[Caption-style text data]
···

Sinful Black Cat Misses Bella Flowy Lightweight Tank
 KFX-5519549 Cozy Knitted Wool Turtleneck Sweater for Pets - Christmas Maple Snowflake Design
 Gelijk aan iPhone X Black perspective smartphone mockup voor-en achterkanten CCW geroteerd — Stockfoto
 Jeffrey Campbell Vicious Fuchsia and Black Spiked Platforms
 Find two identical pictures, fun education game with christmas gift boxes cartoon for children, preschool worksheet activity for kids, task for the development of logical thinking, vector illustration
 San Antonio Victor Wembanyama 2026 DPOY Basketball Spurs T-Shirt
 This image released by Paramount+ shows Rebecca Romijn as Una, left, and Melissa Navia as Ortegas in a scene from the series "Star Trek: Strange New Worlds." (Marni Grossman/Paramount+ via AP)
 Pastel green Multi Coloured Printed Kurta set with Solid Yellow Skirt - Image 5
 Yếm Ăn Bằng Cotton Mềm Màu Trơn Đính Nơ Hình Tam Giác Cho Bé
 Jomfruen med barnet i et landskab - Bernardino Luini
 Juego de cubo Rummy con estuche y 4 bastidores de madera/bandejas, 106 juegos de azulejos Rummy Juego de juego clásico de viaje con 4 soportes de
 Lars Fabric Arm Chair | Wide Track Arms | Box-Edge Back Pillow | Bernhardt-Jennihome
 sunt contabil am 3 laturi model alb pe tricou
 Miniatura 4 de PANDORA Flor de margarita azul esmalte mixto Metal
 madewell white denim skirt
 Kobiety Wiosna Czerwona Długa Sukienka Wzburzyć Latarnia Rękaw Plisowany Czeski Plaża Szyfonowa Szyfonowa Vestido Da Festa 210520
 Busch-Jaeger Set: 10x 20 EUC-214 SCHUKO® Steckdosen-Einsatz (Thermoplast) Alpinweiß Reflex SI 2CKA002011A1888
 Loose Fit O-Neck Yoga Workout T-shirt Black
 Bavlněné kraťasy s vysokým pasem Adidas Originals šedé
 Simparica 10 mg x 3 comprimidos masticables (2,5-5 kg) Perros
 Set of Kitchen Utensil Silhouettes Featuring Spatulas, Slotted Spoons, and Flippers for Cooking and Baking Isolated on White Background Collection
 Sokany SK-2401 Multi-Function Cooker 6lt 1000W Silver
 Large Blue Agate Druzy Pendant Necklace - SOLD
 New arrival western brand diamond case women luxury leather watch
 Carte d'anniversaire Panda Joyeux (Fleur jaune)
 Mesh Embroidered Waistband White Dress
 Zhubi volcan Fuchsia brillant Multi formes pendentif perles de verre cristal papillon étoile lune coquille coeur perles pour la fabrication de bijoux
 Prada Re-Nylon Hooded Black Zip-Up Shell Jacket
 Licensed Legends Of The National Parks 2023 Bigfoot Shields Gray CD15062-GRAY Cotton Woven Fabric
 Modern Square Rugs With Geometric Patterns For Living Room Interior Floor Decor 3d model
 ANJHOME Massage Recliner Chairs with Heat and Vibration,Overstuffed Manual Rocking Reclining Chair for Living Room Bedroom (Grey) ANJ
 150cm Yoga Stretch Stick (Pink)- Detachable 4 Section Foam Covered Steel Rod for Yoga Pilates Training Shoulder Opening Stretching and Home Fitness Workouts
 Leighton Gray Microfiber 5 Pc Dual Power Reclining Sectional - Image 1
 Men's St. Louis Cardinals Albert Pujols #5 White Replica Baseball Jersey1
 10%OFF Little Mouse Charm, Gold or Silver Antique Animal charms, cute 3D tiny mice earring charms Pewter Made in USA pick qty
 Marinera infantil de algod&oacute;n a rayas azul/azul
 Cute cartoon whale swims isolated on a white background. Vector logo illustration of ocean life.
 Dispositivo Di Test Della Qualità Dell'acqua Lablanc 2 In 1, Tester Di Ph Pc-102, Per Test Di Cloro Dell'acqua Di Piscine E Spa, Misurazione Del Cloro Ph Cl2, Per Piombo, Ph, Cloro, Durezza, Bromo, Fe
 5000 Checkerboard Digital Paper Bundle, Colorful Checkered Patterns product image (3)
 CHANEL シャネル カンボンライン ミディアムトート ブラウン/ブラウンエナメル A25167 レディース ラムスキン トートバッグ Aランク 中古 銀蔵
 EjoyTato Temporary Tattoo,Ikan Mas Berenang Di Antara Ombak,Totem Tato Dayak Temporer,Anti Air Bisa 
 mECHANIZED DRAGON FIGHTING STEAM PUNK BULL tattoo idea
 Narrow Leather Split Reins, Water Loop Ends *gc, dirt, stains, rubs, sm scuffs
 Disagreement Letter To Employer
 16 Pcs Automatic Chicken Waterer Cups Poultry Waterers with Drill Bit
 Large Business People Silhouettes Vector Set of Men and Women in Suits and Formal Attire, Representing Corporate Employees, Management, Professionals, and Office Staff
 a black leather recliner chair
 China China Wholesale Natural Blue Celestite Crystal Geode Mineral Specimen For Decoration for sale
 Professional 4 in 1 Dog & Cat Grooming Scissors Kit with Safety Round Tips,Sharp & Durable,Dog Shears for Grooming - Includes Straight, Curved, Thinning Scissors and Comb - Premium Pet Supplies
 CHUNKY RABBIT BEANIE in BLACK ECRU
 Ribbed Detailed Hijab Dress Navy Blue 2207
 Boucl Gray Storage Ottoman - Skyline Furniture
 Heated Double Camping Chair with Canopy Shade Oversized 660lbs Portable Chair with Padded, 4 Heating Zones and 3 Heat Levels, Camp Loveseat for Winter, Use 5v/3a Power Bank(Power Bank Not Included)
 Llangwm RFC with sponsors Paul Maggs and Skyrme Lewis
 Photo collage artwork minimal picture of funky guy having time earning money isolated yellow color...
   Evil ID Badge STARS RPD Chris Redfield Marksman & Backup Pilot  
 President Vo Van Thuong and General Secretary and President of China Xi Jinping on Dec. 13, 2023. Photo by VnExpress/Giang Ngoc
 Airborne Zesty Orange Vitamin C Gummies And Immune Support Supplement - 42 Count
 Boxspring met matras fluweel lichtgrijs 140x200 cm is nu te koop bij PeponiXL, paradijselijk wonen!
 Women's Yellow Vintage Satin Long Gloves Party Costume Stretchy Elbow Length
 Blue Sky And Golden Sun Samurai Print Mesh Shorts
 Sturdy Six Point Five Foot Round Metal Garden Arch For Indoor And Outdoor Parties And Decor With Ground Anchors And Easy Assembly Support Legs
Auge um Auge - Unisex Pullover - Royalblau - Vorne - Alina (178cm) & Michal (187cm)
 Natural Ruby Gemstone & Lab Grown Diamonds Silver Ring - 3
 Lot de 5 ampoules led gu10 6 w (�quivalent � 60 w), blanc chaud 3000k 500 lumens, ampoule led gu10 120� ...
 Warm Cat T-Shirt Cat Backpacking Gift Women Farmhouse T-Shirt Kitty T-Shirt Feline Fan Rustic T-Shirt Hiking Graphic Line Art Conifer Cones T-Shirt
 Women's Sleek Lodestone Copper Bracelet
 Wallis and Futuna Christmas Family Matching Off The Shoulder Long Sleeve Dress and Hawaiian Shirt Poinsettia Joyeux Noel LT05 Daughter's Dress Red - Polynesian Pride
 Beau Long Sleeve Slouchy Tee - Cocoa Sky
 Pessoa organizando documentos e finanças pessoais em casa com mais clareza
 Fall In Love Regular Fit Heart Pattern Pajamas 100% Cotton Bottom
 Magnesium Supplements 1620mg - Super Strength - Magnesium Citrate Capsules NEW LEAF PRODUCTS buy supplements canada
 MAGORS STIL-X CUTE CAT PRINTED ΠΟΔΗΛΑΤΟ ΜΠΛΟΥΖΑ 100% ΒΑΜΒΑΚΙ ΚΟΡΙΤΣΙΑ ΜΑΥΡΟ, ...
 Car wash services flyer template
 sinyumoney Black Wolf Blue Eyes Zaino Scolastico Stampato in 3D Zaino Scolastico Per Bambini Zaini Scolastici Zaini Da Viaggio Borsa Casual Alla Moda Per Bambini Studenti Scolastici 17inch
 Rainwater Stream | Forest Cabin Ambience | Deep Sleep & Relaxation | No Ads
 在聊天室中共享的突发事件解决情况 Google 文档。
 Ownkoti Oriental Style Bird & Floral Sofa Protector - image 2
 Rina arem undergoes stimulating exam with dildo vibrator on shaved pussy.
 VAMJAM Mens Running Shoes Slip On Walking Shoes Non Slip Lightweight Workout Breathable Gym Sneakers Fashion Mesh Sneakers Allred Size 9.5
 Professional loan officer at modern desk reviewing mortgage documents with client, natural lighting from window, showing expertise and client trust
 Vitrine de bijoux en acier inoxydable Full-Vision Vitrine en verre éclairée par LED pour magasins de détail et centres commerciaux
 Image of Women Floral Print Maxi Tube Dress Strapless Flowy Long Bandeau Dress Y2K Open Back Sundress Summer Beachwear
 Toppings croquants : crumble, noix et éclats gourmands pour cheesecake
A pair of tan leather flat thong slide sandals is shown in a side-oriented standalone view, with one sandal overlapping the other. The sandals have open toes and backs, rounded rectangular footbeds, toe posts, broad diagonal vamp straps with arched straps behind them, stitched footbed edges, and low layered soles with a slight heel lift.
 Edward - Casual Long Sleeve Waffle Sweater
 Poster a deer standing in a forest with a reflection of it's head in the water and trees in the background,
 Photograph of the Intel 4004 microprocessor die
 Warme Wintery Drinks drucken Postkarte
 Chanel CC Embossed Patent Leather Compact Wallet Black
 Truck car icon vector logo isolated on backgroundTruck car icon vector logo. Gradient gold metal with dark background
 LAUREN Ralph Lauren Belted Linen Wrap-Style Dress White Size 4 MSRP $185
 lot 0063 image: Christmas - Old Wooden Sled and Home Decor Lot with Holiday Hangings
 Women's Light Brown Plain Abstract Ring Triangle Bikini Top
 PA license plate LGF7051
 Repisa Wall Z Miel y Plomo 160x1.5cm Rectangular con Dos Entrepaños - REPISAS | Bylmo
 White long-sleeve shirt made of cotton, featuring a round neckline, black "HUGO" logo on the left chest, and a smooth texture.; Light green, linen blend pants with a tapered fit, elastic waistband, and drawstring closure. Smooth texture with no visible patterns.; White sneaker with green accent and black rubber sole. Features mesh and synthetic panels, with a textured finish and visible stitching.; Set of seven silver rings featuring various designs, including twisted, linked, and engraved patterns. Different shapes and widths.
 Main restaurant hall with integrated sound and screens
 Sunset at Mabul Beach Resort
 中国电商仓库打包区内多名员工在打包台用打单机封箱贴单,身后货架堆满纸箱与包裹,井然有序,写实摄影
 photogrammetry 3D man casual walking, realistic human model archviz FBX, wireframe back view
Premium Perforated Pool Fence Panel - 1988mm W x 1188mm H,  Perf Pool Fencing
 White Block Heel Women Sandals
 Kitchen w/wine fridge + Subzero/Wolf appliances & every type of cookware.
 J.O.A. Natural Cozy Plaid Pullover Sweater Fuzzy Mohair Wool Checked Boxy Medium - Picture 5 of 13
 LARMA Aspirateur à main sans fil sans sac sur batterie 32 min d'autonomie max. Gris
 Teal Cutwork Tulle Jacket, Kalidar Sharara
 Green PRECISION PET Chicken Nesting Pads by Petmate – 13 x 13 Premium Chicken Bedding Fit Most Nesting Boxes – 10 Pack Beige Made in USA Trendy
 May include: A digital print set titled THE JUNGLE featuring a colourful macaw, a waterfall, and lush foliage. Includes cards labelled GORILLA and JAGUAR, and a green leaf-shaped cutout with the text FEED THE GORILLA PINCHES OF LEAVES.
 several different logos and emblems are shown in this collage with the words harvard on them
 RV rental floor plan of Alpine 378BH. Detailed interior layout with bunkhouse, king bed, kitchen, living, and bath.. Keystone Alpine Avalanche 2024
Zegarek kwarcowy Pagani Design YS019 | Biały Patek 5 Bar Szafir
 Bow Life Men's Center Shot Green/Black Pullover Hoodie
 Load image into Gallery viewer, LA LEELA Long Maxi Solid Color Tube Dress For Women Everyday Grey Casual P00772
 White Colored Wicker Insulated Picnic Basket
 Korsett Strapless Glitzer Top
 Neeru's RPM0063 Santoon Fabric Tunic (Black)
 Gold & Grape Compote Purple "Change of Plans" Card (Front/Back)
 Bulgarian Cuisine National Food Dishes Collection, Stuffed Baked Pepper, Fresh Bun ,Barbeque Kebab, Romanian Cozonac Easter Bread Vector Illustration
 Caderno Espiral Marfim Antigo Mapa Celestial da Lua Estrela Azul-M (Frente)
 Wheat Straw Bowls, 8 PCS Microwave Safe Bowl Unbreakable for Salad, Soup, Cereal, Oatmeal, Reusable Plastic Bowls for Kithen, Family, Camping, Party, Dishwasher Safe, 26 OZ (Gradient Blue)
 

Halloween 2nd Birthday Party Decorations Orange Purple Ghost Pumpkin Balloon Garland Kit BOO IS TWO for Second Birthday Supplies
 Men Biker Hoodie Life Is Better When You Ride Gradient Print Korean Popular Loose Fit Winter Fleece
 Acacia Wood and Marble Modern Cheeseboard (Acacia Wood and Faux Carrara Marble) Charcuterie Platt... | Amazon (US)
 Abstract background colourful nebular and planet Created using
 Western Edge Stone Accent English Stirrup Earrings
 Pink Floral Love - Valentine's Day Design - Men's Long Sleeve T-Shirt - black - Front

···

* **Work item**: The answer must be every line of the entries that includes the word "Strapless".

* **Output**:
 Image of Women Floral Print Maxi Tube Dress Strapless Flowy Long Bandeau Dress Y2K Open Back Sundress Summer Beachwear
 Korsett Strapless Glitzer Top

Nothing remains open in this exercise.